| ACTION ITEM |
Below are the records; repeat exactly their lines between the line holding "Frog Smoking in a Can" and the line holding "Carreau de mosaïque", inclusive, skipping the pictures.

| INPUT MATERIAL |
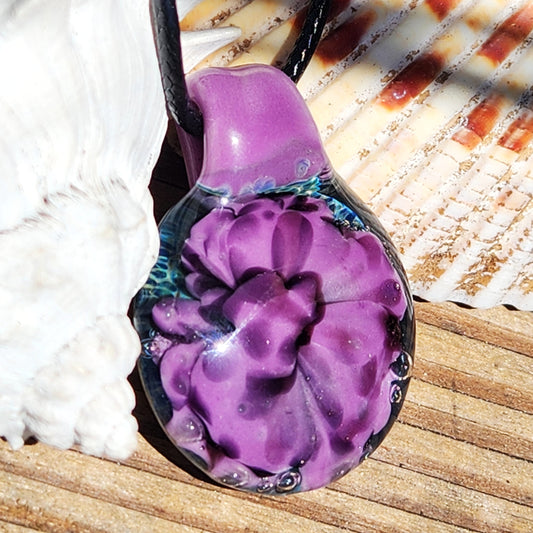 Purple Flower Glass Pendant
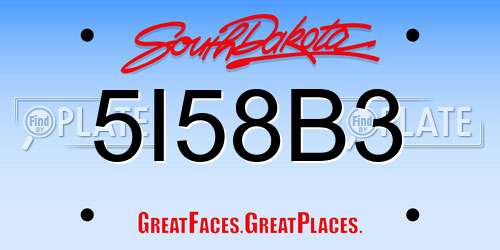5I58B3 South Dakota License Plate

---

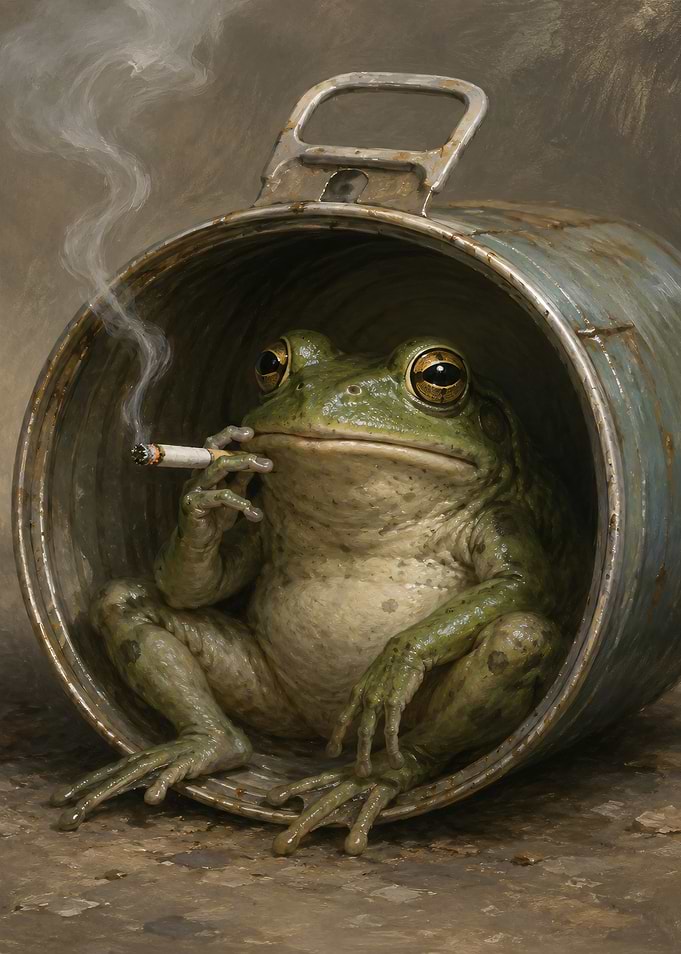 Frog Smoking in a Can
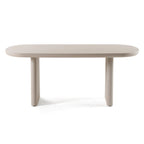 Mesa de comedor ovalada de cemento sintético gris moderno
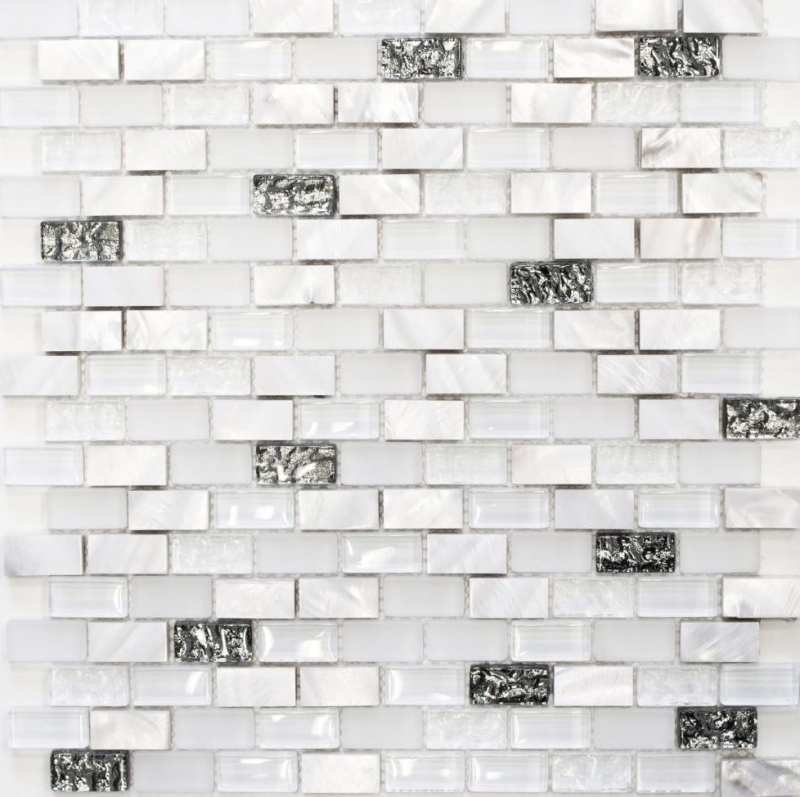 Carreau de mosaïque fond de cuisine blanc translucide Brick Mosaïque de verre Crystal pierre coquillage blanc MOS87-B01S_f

--

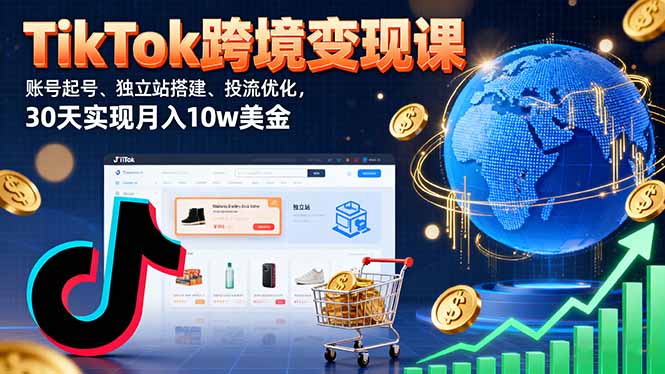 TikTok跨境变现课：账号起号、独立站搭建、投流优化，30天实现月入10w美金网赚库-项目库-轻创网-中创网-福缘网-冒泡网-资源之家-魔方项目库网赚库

| ANSWER BOX |
 Frog Smoking in a Can
 Mesa de comedor ovalada de cemento sintético gris moderno
 Carreau de mosaïque fond de cuisine blanc translucide Brick Mosaïque de verre Crystal pierre coquillage blanc MOS87-B01S_f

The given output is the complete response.